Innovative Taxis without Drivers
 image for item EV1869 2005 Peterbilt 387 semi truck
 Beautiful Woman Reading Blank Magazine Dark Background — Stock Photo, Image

__WORK REQUEST__:
Print the data again exactly.

__ANSWER TO THE PROBLEM__:
Innovative Taxis without Drivers
 image for item EV1869 2005 Peterbilt 387 semi truck
 Beautiful Woman Reading Blank Magazine Dark Background — Stock Photo, Image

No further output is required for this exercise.